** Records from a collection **
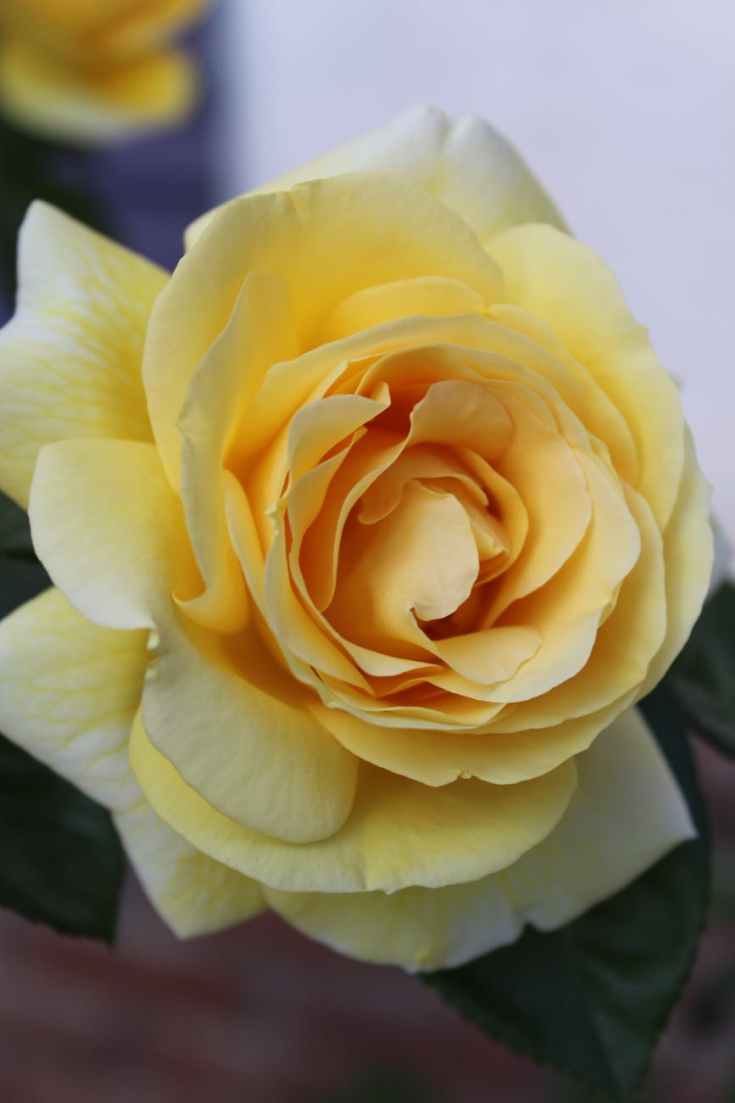 yellow rose flower in close up photography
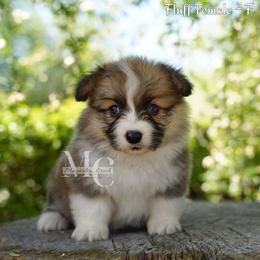 Farrah - Red female Pembroke Welsh Corgi puppy in Straughn, Alabama from Magnolia Creek Corgis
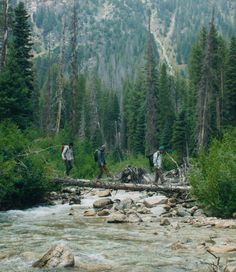 three hikers cross a fallen log over a stream in the mountains, with trees and rocks on either side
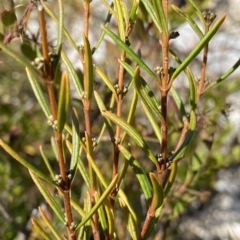 Logania granitica at Namadgi National Park - 25 Apr 2023 by Ned_Johnston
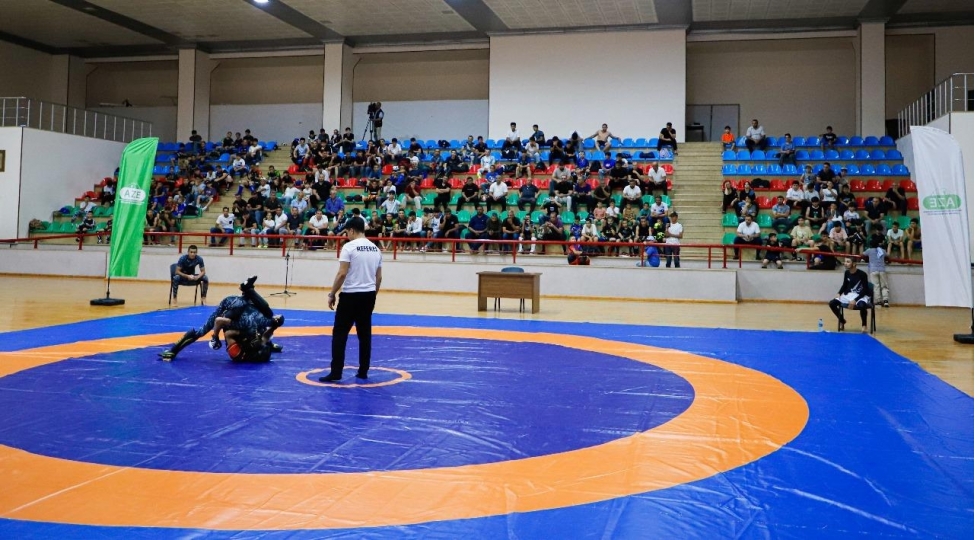 naxchivanda-mma-uzre-achiq-birincilik-kechirilib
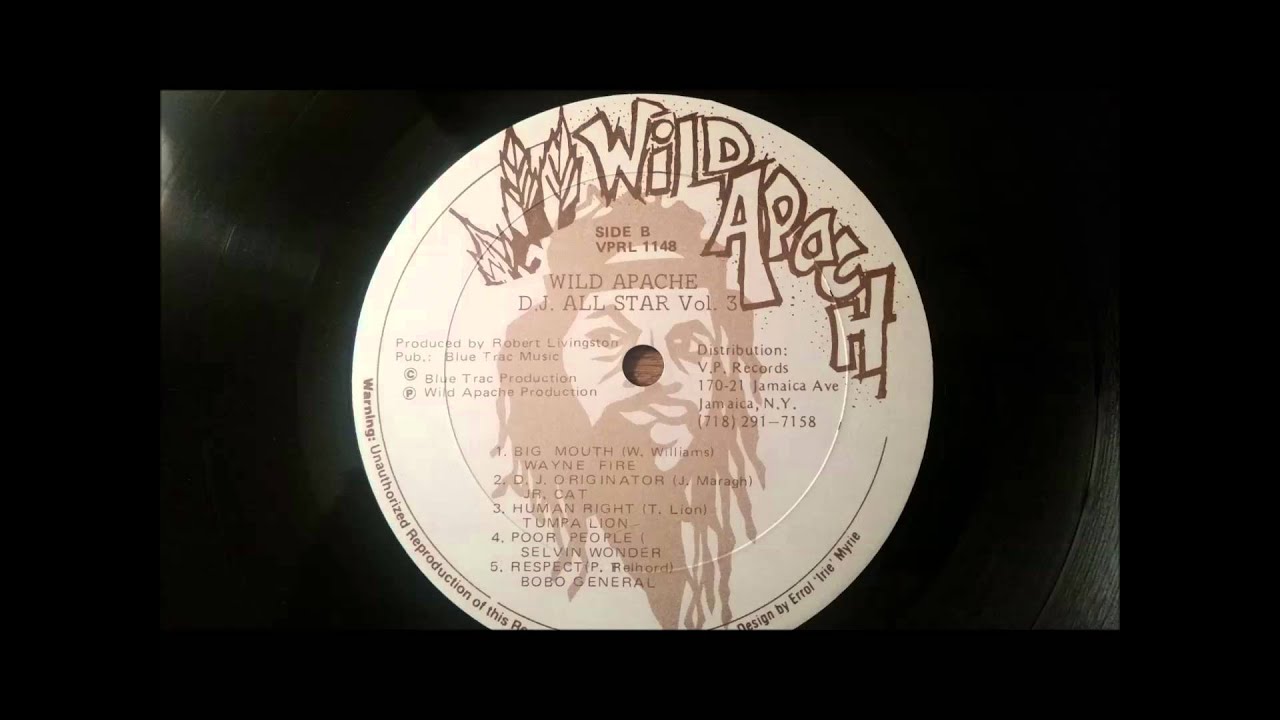 VARIOUS (SUPER CAT、CHAKA DEMUS) / WILD APACHE D.J. ALL STAR VOL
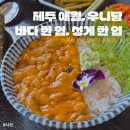 우니담 | [제주/애월] 바다 한 입, 성게알 한 입! 뷰까지 맛도리였던 '우니담' 솔직 후기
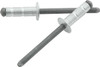 Allstar Performance Sm Hd Rivet Silver 250Pk Multi-Grip All18110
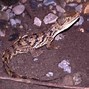 Image result for BAE Caiman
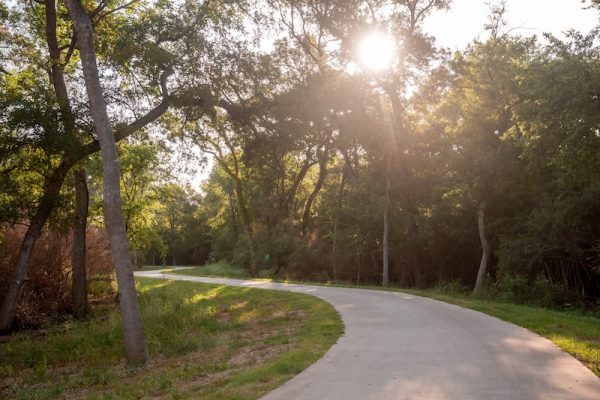 sunlight gleams through trees alongside a paved path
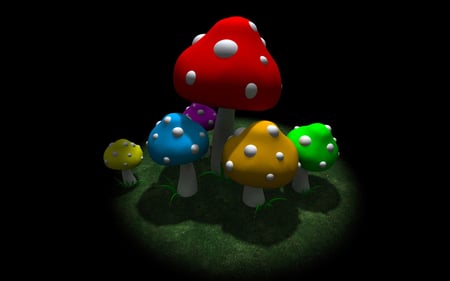 mushroom - mushroom, color, black, widescreen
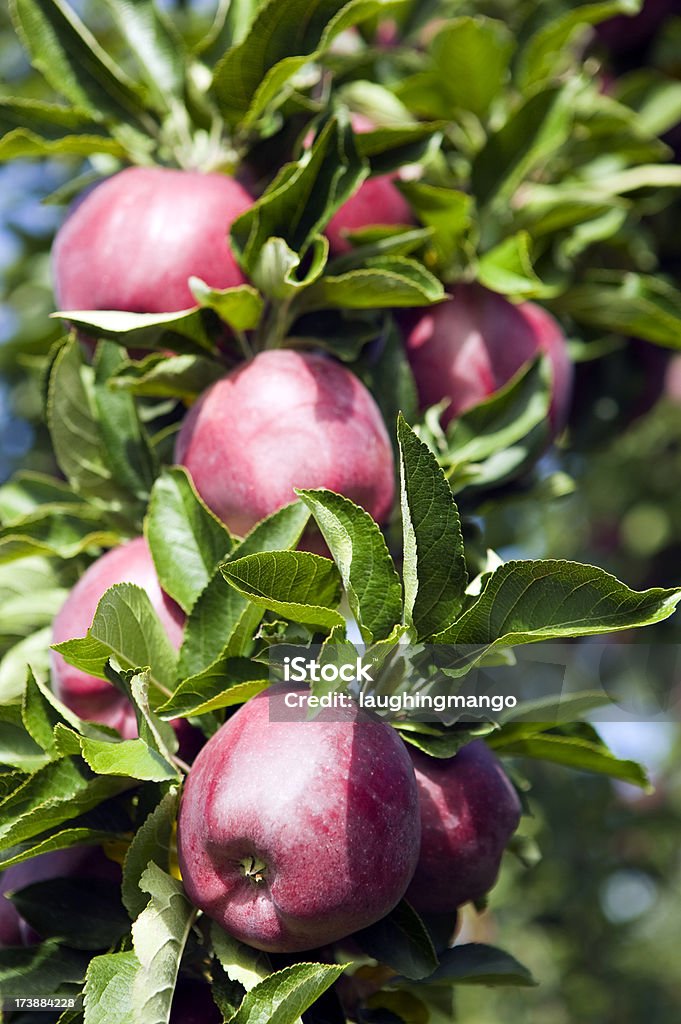 Maçã red delicious árvore orchard - Foto de stock de Abundância royalty-free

** What the task asks **
Give back, exactly and with nothing added, the lines from the line with "mushroom - mushroom, color, black, widescreen" through the final line of the data, both included; leave pictures out.

** Task output **
 mushroom - mushroom, color, black, widescreen
 Maçã red delicious árvore orchard - Foto de stock de Abundância royalty-free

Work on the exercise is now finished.